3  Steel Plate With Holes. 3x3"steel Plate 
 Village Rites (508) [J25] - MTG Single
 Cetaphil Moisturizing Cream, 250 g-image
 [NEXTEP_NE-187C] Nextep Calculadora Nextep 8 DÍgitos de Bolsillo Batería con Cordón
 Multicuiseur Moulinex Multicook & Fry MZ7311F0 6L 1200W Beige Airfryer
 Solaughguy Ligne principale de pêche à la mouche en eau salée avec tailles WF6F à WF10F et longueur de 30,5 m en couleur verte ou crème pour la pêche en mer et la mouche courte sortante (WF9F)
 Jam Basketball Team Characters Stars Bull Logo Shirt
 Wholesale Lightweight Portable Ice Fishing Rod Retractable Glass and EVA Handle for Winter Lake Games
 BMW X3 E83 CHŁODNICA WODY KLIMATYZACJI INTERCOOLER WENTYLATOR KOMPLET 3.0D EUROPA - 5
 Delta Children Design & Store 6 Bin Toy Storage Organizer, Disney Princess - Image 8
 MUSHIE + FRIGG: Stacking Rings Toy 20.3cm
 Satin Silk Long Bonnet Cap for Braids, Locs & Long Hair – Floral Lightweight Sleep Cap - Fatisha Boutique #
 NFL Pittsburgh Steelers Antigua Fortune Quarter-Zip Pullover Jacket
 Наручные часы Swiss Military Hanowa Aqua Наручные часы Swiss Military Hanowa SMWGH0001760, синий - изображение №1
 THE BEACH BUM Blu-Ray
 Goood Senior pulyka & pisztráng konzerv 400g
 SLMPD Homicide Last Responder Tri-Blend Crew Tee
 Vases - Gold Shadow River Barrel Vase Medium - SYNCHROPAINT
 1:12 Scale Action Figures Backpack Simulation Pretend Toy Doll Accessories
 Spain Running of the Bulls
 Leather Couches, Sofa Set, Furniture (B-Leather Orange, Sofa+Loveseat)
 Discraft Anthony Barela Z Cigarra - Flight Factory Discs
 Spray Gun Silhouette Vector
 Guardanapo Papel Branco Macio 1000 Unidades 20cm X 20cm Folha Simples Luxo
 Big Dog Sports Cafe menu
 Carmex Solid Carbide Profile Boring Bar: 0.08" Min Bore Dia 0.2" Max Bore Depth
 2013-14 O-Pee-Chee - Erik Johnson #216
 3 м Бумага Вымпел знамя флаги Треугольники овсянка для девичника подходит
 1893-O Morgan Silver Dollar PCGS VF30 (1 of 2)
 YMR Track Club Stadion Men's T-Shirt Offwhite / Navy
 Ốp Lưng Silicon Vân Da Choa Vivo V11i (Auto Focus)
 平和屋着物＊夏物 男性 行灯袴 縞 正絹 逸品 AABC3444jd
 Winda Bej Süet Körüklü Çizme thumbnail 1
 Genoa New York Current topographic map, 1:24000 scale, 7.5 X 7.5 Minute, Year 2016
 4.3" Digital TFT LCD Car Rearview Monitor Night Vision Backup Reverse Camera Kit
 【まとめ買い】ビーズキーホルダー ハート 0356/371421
***
**WHAT IS REQUIRED:** Copy down the material above exactly as it is.

**OUTPUT FOR THIS TASK:**
3  Steel Plate With Holes. 3x3"steel Plate 
 Village Rites (508) [J25] - MTG Single
 Cetaphil Moisturizing Cream, 250 g-image
 [NEXTEP_NE-187C] Nextep Calculadora Nextep 8 DÍgitos de Bolsillo Batería con Cordón
 Multicuiseur Moulinex Multicook & Fry MZ7311F0 6L 1200W Beige Airfryer
 Solaughguy Ligne principale de pêche à la mouche en eau salée avec tailles WF6F à WF10F et longueur de 30,5 m en couleur verte ou crème pour la pêche en mer et la mouche courte sortante (WF9F)
 Jam Basketball Team Characters Stars Bull Logo Shirt
 Wholesale Lightweight Portable Ice Fishing Rod Retractable Glass and EVA Handle for Winter Lake Games
 BMW X3 E83 CHŁODNICA WODY KLIMATYZACJI INTERCOOLER WENTYLATOR KOMPLET 3.0D EUROPA - 5
 Delta Children Design & Store 6 Bin Toy Storage Organizer, Disney Princess - Image 8
 MUSHIE + FRIGG: Stacking Rings Toy 20.3cm
 Satin Silk Long Bonnet Cap for Braids, Locs & Long Hair – Floral Lightweight Sleep Cap - Fatisha Boutique #
 NFL Pittsburgh Steelers Antigua Fortune Quarter-Zip Pullover Jacket
 Наручные часы Swiss Military Hanowa Aqua Наручные часы Swiss Military Hanowa SMWGH0001760, синий - изображение №1
 THE BEACH BUM Blu-Ray
 Goood Senior pulyka & pisztráng konzerv 400g
 SLMPD Homicide Last Responder Tri-Blend Crew Tee
 Vases - Gold Shadow River Barrel Vase Medium - SYNCHROPAINT
 1:12 Scale Action Figures Backpack Simulation Pretend Toy Doll Accessories
 Spain Running of the Bulls
 Leather Couches, Sofa Set, Furniture (B-Leather Orange, Sofa+Loveseat)
 Discraft Anthony Barela Z Cigarra - Flight Factory Discs
 Spray Gun Silhouette Vector
 Guardanapo Papel Branco Macio 1000 Unidades 20cm X 20cm Folha Simples Luxo
 Big Dog Sports Cafe menu
 Carmex Solid Carbide Profile Boring Bar: 0.08" Min Bore Dia 0.2" Max Bore Depth
 2013-14 O-Pee-Chee - Erik Johnson #216
 3 м Бумага Вымпел знамя флаги Треугольники овсянка для девичника подходит
 1893-O Morgan Silver Dollar PCGS VF30 (1 of 2)
 YMR Track Club Stadion Men's T-Shirt Offwhite / Navy
 Ốp Lưng Silicon Vân Da Choa Vivo V11i (Auto Focus)
 平和屋着物＊夏物 男性 行灯袴 縞 正絹 逸品 AABC3444jd
 Winda Bej Süet Körüklü Çizme thumbnail 1
 Genoa New York Current topographic map, 1:24000 scale, 7.5 X 7.5 Minute, Year 2016
 4.3" Digital TFT LCD Car Rearview Monitor Night Vision Backup Reverse Camera Kit
 【まとめ買い】ビーズキーホルダー ハート 0356/371421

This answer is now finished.